Por el simple hecho de vivir en sociedad resulta inevitable interactuar con otros seres. Hasta el más ermitaño de los ermitaños nació en sociedad, seguramente compartió con algunos de sus semejantes y la experiencia no le gustó, o se traumatizó a tal punto que decidió alejarse, pero en resumidas cuentas también alcanzó a untarse de pueblo.
Si definitivamente debemos amar, llorar, cantar, reír, pelear, copular y conjugar muchos otros verbos en comunidad (algunos así sea solo de a dos), ¿cómo hacemos para entrar en cada uno de esos «mundos», ya sea con la intención de pasear, negociar o instalarnos para siempre, sin generar un «Calentamiento global» o peor aun un «Big Bang»?
Es curioso: muchas veces pasa que conocemos a una persona, creemos estar agradados, felices y cómodos con su mundo, pero con el tiempo intentamos cambiar eso, precisamente eso que supuestamente nos gustó. ¡Qué porquería!
Esto sucede porque la mayoría de veces en el afán por sostener cosas insostenibles pretendemos modificar nuestro propio mundo, sin detenernos a pensar que sencillamente no está en órbita con el de esa persona y al no haber una empatía genuina el ambiente termina por convertirse en un verdadero tóxico para el alma.
Puede sonar muy cliché, pero cada quien es perfecto en SU MUNDO y debemos entender eso para dejar de «coger lucha». Los cambios impuestos nunca generan resultados positivos.
La perfección es el punto más alto de la subjetividad del creador, por lo tanto la autenticidad y no la obligación, la soledad o la tristeza debe ser lo que ligue un mundo con otro.
Esos intentos de cambios que queremos aplicar a la fuerza hasta en nuestro propio entorno son los que nos llenan de contradicciones innecesarias, esos devaneos que se ilustran en actitudes y frases disfrazadas de argumento como: «quiero pero no puedo, aunque creo firmemente que querer es poder» ¡Vaya dilema!
A la vista de todas estas «crisis» de tipo social, emocional y mental, pareciera que más de uno es una masa amorfa hecha por una ridícula combinación entre una caricatura y un protagonista de un reality show. Sin embargo, nos queda el consuelo de pensar que tal vez no es que estemos mal hechos, sino que simplemente aún no estamos terminados.
No se trata de negarse al cambio; la evolución es indiscutiblemente necesaria y está estrechamente ligada a éste, ni tampoco se trata de asumir la evolución como un proceso pasivo de adaptación.

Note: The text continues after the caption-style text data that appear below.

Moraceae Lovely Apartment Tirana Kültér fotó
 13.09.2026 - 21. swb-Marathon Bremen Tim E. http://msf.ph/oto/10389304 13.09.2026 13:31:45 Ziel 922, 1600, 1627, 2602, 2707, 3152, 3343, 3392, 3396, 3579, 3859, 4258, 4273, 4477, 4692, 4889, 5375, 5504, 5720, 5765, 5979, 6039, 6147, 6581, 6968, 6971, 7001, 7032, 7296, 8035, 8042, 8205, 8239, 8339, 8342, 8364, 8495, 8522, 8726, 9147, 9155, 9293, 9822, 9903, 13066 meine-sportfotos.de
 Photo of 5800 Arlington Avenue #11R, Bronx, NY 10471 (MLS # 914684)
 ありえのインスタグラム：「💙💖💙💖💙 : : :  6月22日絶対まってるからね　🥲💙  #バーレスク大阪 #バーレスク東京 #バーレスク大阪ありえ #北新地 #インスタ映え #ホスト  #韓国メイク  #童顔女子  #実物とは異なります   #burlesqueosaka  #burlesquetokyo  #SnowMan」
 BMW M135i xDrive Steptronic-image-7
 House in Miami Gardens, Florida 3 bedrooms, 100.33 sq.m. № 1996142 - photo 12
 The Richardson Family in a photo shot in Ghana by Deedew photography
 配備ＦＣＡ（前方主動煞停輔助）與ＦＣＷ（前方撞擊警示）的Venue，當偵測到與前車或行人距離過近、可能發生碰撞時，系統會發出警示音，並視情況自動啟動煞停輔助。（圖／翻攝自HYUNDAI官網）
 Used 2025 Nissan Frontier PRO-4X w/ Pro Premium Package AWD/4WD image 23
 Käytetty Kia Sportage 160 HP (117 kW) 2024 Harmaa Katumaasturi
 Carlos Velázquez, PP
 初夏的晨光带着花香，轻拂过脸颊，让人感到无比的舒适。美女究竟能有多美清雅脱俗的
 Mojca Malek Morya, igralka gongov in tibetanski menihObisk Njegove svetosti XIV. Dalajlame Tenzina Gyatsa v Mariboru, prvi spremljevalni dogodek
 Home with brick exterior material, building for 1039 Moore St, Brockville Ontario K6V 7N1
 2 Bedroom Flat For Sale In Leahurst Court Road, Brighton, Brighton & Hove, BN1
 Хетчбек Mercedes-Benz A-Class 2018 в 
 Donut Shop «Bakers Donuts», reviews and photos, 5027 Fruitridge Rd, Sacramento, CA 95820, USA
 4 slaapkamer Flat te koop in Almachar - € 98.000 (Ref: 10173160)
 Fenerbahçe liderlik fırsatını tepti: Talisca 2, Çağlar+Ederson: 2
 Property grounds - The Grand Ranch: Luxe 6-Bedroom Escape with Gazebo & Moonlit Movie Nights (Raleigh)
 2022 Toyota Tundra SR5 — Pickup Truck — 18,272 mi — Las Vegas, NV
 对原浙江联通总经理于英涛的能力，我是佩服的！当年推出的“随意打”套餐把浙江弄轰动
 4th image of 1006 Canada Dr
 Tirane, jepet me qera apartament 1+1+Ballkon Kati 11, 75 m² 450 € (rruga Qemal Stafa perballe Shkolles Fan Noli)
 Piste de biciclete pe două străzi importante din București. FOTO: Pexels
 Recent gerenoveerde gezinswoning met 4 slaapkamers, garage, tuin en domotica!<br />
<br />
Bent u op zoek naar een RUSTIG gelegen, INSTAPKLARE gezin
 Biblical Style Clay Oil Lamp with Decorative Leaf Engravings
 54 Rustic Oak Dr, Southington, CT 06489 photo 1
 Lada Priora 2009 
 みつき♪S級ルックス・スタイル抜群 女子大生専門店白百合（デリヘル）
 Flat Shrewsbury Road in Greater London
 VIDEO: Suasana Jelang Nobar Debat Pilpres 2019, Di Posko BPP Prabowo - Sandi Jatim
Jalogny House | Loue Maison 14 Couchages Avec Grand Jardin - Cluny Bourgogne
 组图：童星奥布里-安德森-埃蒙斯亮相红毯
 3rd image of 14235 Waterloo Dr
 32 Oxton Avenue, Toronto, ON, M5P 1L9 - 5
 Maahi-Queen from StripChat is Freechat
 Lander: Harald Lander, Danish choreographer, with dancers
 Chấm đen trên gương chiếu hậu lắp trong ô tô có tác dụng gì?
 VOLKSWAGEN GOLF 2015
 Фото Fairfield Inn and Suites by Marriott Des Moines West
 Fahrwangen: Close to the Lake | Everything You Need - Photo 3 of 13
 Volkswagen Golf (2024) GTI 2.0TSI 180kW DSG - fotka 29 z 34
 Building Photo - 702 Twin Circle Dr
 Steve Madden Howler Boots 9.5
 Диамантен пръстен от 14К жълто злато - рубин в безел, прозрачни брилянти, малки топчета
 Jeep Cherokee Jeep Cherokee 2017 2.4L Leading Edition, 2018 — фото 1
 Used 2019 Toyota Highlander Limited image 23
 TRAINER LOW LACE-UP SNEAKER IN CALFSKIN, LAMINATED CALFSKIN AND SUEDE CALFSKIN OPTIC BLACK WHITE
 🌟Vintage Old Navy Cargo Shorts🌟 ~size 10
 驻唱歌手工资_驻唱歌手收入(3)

La interacción con los demás debe suponerse como una labor de retroalimentación en donde la influencia (ubicándonos en un contexto idealmente positivo) sea la que permee al otro y lo incite a transformarse.
Entonces pues, comprendiendo y aceptando la naturaleza de cada quien, pero siendo conscientes de la capacidad trasformadora que poseemos, debemos dejar de coger lucha y más bien situarnos en situaciones y actitudes que nos permitan explorar y enriquecer otros mundos y abrirle espacio a ambientes y personas que hagan lo mismo con el nuestro.